Start of Block
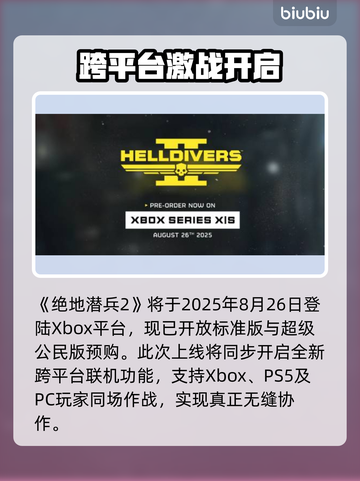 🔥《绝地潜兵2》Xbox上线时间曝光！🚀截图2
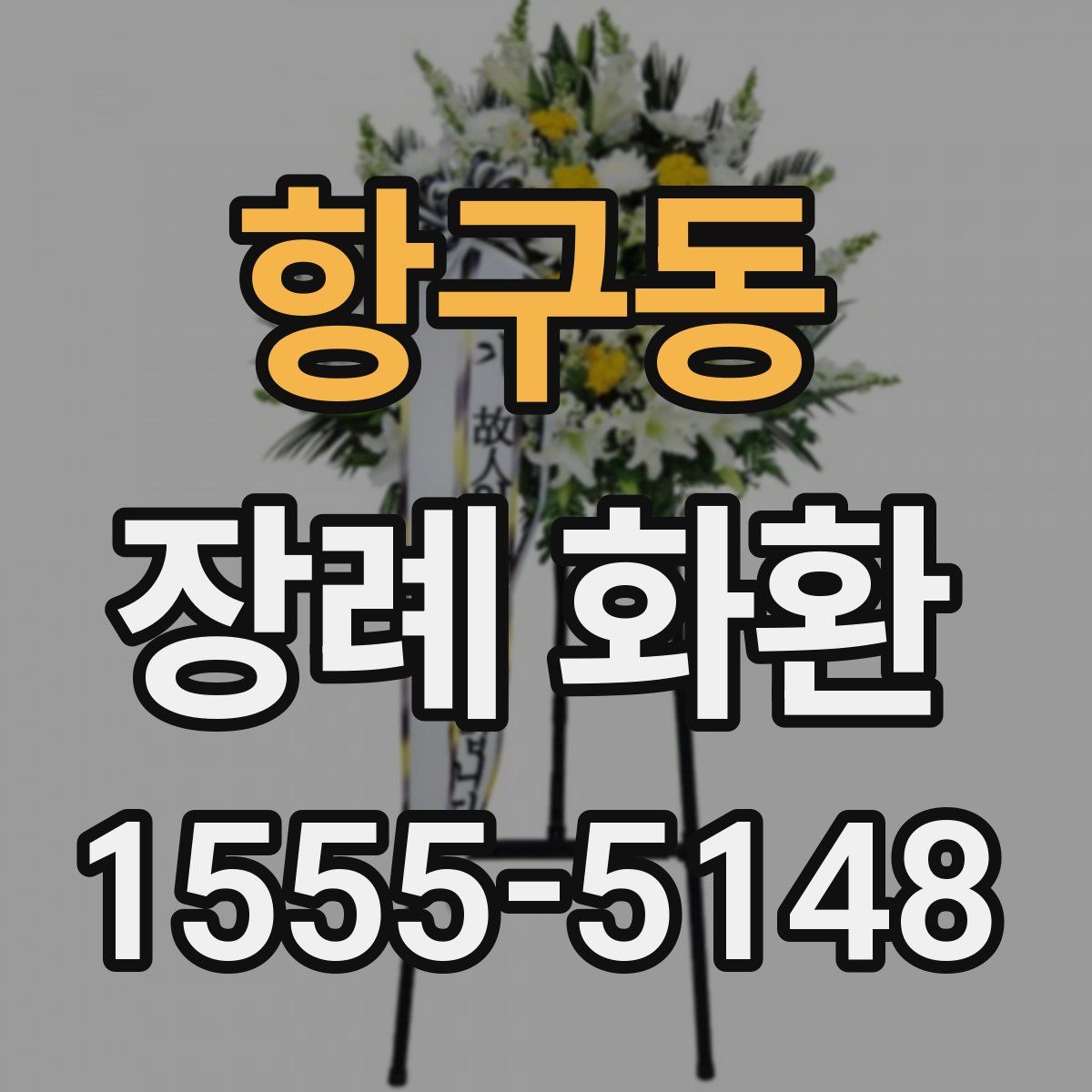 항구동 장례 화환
End of Block
Start of Block
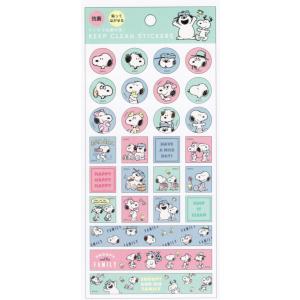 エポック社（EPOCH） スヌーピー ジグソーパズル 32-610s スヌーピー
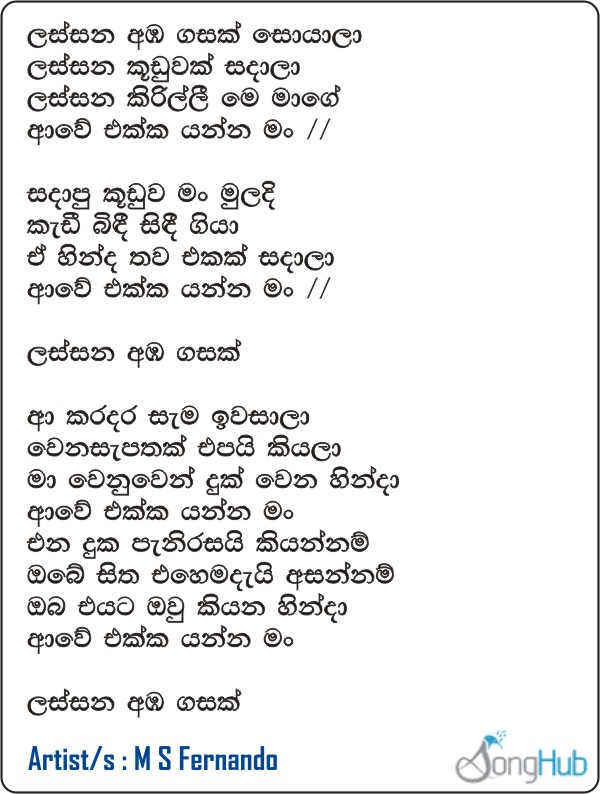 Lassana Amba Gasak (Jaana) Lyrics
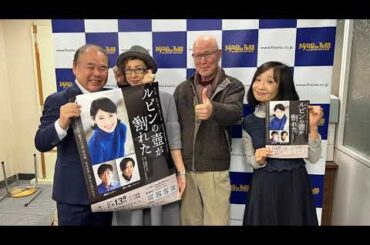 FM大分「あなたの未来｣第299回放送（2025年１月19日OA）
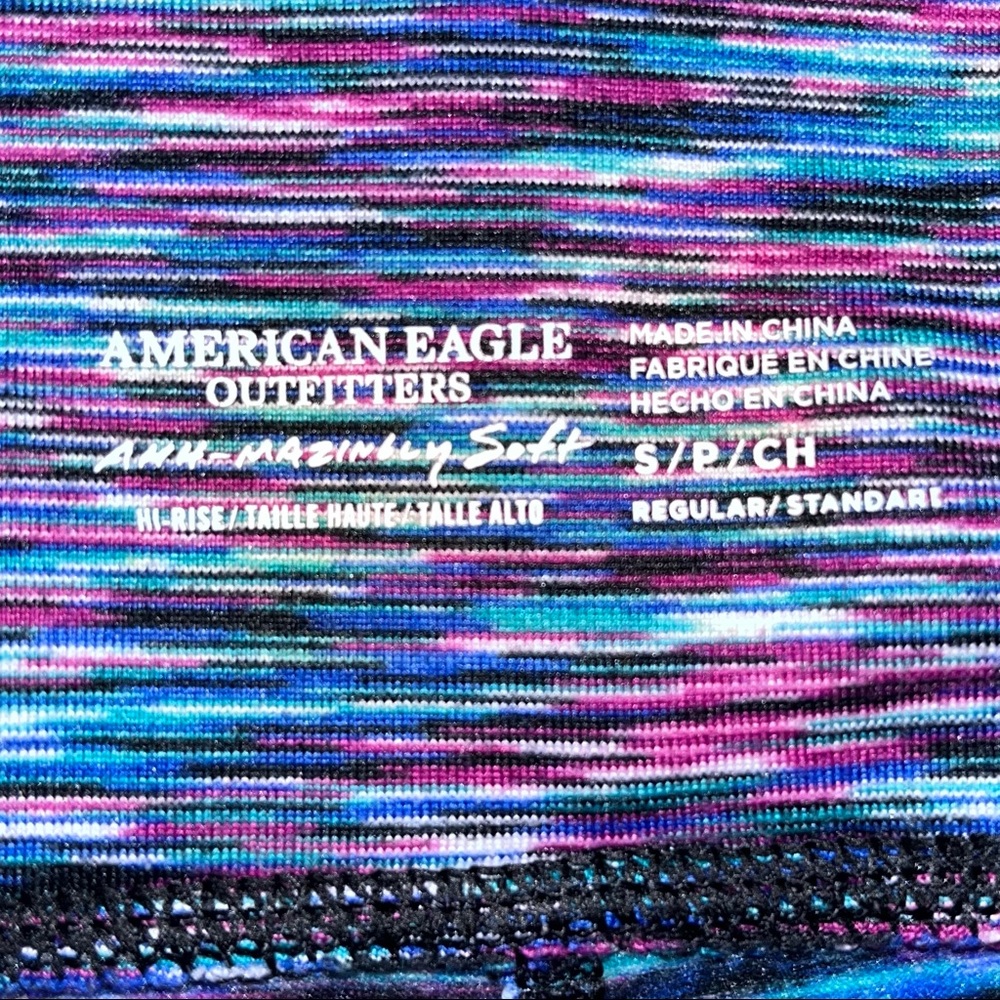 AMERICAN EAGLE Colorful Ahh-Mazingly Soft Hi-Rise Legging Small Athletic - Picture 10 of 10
End of Block
Start of Block
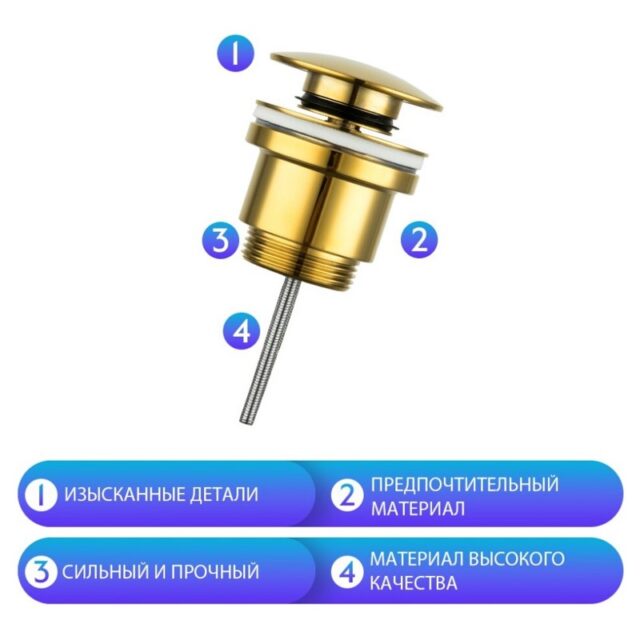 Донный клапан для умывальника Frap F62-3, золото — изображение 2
End of Block
For this exercise, set down the lines in the entries above from the one with "Lassana Amba Gasak (Jaana) Lyrics" through the one with "AMERICAN EAGLE Colorful" exactly as written, without any pictures.

 Lassana Amba Gasak (Jaana) Lyrics
 FM大分「あなたの未来｣第299回放送（2025年１月19日OA）
 AMERICAN EAGLE Colorful Ahh-Mazingly Soft Hi-Rise Legging Small Athletic - Picture 10 of 10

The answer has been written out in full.